Crawled caption data:
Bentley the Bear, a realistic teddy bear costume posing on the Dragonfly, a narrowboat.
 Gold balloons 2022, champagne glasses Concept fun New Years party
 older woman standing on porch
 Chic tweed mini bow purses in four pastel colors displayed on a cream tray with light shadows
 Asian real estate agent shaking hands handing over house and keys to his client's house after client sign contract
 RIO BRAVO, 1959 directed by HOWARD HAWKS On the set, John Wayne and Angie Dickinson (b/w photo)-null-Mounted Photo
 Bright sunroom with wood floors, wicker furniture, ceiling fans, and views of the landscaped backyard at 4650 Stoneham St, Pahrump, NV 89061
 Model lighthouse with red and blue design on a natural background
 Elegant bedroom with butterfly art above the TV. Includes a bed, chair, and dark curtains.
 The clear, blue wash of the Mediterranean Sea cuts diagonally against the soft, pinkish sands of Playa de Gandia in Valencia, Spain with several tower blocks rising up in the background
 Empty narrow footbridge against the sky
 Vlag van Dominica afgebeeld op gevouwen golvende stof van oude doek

→ AIM OF THE TASK
Take the entries above and return only the lines from the one with "Bright sunroom with" to the one with "Elegant bedroom with", both included, unchanged.

→ PROBLEM SOLUTION
 Bright sunroom with wood floors, wicker furniture, ceiling fans, and views of the landscaped backyard at 4650 Stoneham St, Pahrump, NV 89061
 Model lighthouse with red and blue design on a natural background
 Elegant bedroom with butterfly art above the TV. Includes a bed, chair, and dark curtains.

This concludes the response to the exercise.